That last step made it possible for people to think of the communization of home industry, to think of eating food cooked in other ovens than their own, to think of one oven large enough for a whole village. Many interesting experiments in co-operative living immediately sprang up. But the next step came slowly and, even now, is only firmly established in the cities, in the actual abandonment of the family kitchen for the community kitchen in the form of the restaurant. In such families we have unity only in the hours of sleep and recreation.
Along with abandonment of the separate kitchen there has proceeded the abandonment of the parlor in the homes of the middle classes. To lose the old, mournful front room may be no subject for tears, but the loss of the evening family group, about the fireside or the reading-lamp, is a real and sad loss. The commercialized amusements have offered greater attractions to vigorous youth. The theater and its lesser satellites, amusements, entertainments, lectures, the lyceum, and recreation-by-proxy in ball games and matches have taken the place of united family recreation. Of course this has been a natural development of the older village play-life and has been by no means an unmixed ill.
Now, behold, what has become of the old-time home life! The family that spent nearly twenty-four hours together now spends a scarce seven or eight, and these are occupied in sleeping! Little wonder that the next step is taken—the abandonment of this remainder, the sleep period, under a domestic roof, as the family moves into a hotel!
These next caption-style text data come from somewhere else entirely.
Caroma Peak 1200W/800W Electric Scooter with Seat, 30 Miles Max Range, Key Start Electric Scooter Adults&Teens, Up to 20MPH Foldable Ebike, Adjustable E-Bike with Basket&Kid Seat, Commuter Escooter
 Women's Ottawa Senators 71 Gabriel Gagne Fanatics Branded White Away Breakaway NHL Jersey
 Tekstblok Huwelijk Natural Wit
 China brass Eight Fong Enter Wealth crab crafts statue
Along with the tendency toward communal working and eating we see the tendency to communal living by the development of the apartment building. Since roof-trees are so expensive, and since in a practical age, few of us can afford to pay for sentiment, why not put a dozen families under one roof-tree? True we sacrifice lawns, gardens, natural places for children to play; we lose birds and flowers and the charm of evening hours on porches, or galleries, but think of what we gain in bricks and mortar, in labor saved from splitting wood and shoveling coal, in janitor service! The transition is now complete; the home is simply that item in the economic machinery which will best furnish us storage for our sleeping bodies and our clothes!
We are undoubtedly in a period of great changes in family life, and no family can count on escaping the influence of the change. The one single outstanding and most potent change, so far as the character of family life is concerned, is, in the United States, the rapid polarization of population in the cities. The United States Census Bureau counts all residents in cities of over 8,000 population as "urban." In 1800 the "urban" population was 4 per cent of the total population; in 1850 it was 12.5 per cent; in 1870, 20.9 per cent; in 1890, 29.2 per cent; in 1900, 33.1 per cent; in 1910 it was estimated at 40 per cent.[2] Here is a trend so clearly marked that we cannot deny its reality, while its significance is familiar to everyone today.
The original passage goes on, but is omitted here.